Children walk through the Homestead Temporary Shelter for Unaccompanied Migrant Children in Homestead, Florida.
Children walk through the Homestead Temporary Shelter for Unaccompanied Migrant Children in Homestead, Florida. Matias J. Ocner

Democrats in the U.S. House, now in the majority and flexing their muscle, have long denounced, rightly so, the Trump administration’s “zero tolerance” policy, under which adults who illegally crossed the border were criminally prosecuted.

As a result of the misbegotten policy, parents were separated from their children, who could not accompany them to jail.

The policy was the center of attention Tuesday as the House Judiciary Committee held its first hearing to question the people who crafted the controversial policy and those who enforce it. The ultimate goal must be to more quickly unite the children who are in detention with parents or other relatives in this country.

So far, the process has been sluggish, with children and young teens detained indefinitely. That shouldn’t be.

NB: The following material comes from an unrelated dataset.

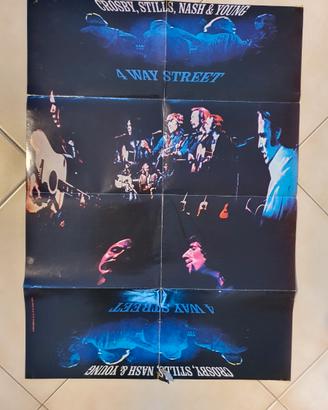 Poster Crosby Still Nash & Young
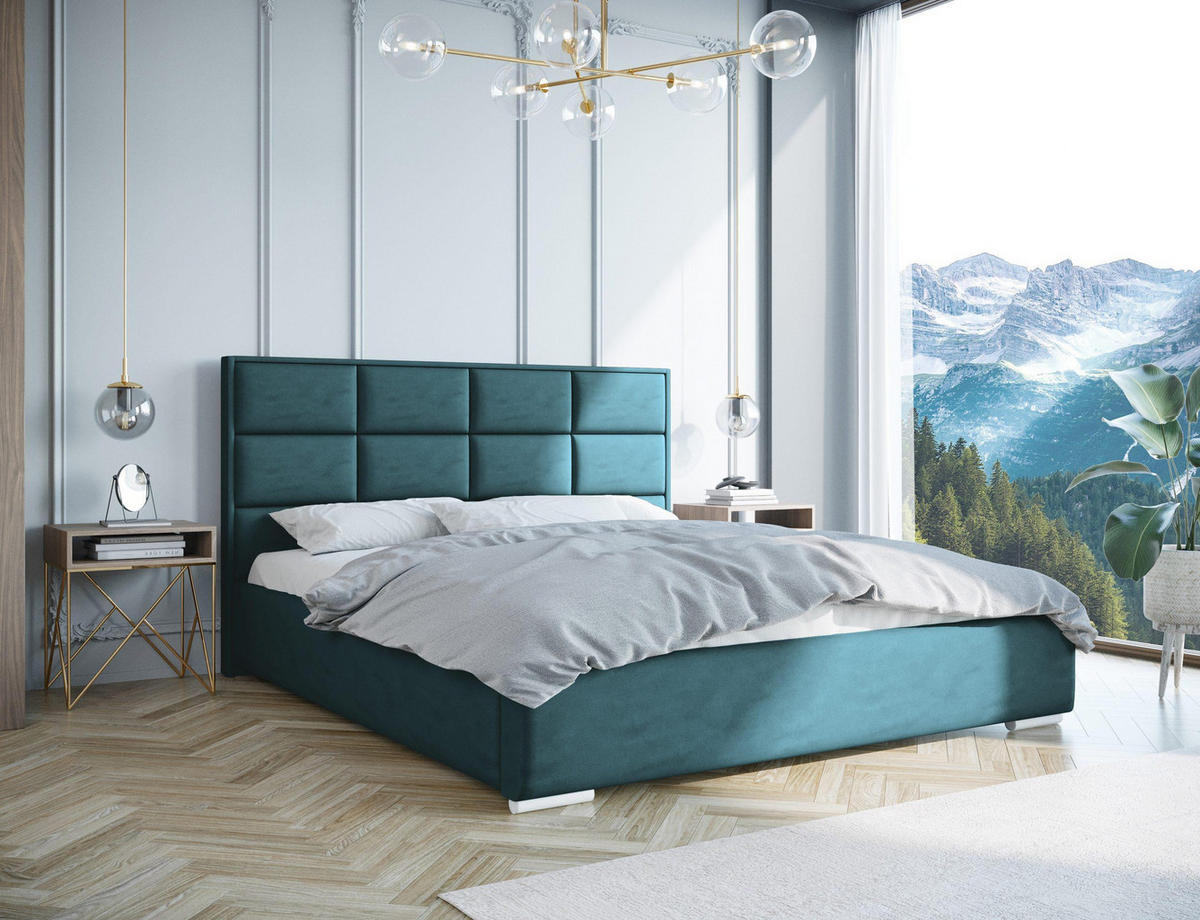 BOXBETT Kaja II Türkis 180x222 cm - Türkis, Textil (180/222cm) - B&B Home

The issue hits home in Miami-Dade County. The Homestead Migrant Child Detention Facility houses 1,600 unaccompanied minors between the ages of 13 and 17 who have crossed the U.S.-Mexico border. Many came without their parents. Others may have been separated from them. This is another problem with what has been a process as haphazard as it has been cruel. It remains unclear just how the children got to this country, clearly making finding parents and other relatives more difficult.

We commend rookie Miami Rep. Debbie Mucarsel-Powell, a member of the Judiciary Committee and Congressional Hispanic Caucus, for taking the lead. Last week, she brought a congressional delegation to the Homestead facility and left visibly upset at the what she saw. “It had a prison-like feeling,” said Mucarsel-Powell, whose district includes Homestead.

The lawmakers held a news conference after the visit and vowed to work to get it shut down. It’s a noble goal. However, their efforts must be rooted in reality. Last month, according to WLRN News, Border Patrol says that it had apprehended more than 5,000 unaccompanied children at the border. Most of them came from Guatemala, El Salvador and Honduras. They have to be housed somewhere.

Lawmakers pledged to work to reunite them with their families already in this country. They would be wise to make this goal their priority.

Tuesday’s hearing was the committee’s first opportunity to grill immigration officials on Capitol Hill over the roll-out and subsequent consequences of the bungled policy. With Democrats in the majority, the House committee now has the teeth and, it is hoped, the bite.

Among those testifying was Scott Lloyd, the former head of the Office of Refugee Resettlement, the agency tasked with caring for unaccompanied migrant children. He admitted that unlike colleagues, he did not raise concerns about the implications of zero tolerance.

The policy has come under renewed scrutiny following a Health and Human Services inspector general report that found thousands more children had been separated than previously acknowledged. Of the more than 2,000 children who have been identified, many have been reunited with their parents, according to court filings in an ongoing family-separation lawsuit.

Still, too many remain separated from any adult relatives. This administration must take seriously its moral obligation to correct this.